In Japan, very few facilities like our hospital possess a DOM that specializes in promoting health and employment support. If there is no intervention from the DOM, health and employment support is a personal matter between the attending physician and the workplace. In particular, small businesses that do not have occupational physicians often struggle to decide whether to resume work, provide support methods, and cooperate with medical institutions6). The Japan Organization of Occupational Health and Safety is taking the initiative to train coordinators to promote health and employment support. In the future, many physical therapists will be required to champion the promotion of health and employment support and adopt the role of Coordinator of the Promotion of Health and Employment Support.
There are few reports on physical therapy in the promotion of health and employment support, and there are no established physical therapy programs. In particular, the Japanese medical system does not approve outpatient rehabilitation for cancer patients, making it difficult for them to obtain rehabilitation support, including RTW assistance, after discharge. This case report suggests that physical therapists play a crucial role in providing continuous support for patients, from perioperative rehabilitation to DOM intervention to build physical strength for return to work.

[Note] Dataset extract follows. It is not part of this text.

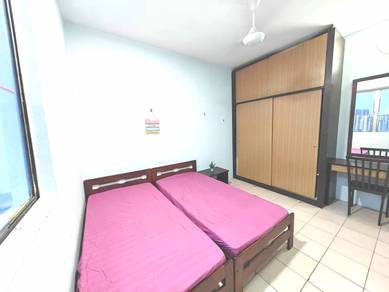 USJ 1 Female Master Room Casa Subang Near Mydin Damen Segi BRT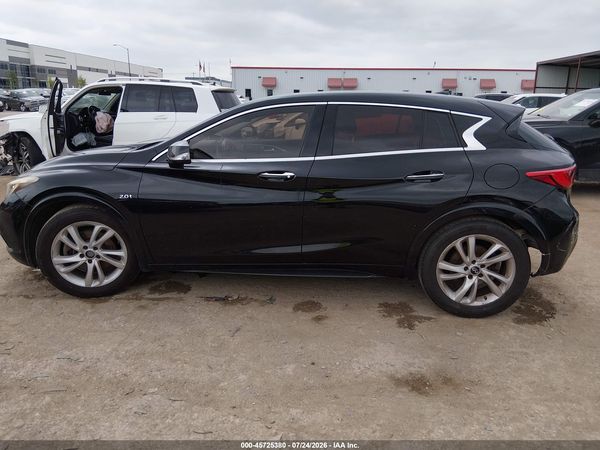 2018 INFINITI QX30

In collaboration with the DOM, perioperative rehabilitation may contribute to a smooth RTW in cancer patients experiencing decreased work ability after surgery. Therefore, physical therapists should actively promote health and employment support. In the future, the physical therapist will be required to acquire professional qualifications as a Coordinator of the Promotion of Health and Employment Support.
We would like to thank the staff of the University of Occupational and Environmental Health for their cooperation in this study.
This study was supported by the Workers’ Disease Clinical Research Projects Grant-in-Aid (230301-01) of the Ministry of Health, Labour and Welfare of Japan.
In accordance with the Declaration of Helsinki and the Ethical Guidelines for Medical and Health Research Involving Human Subjects, the case report was explained to the subject, and written informed consent was obtained, taking into consideration the protection of personal information.
The authors declare that they have no conflicts of interest.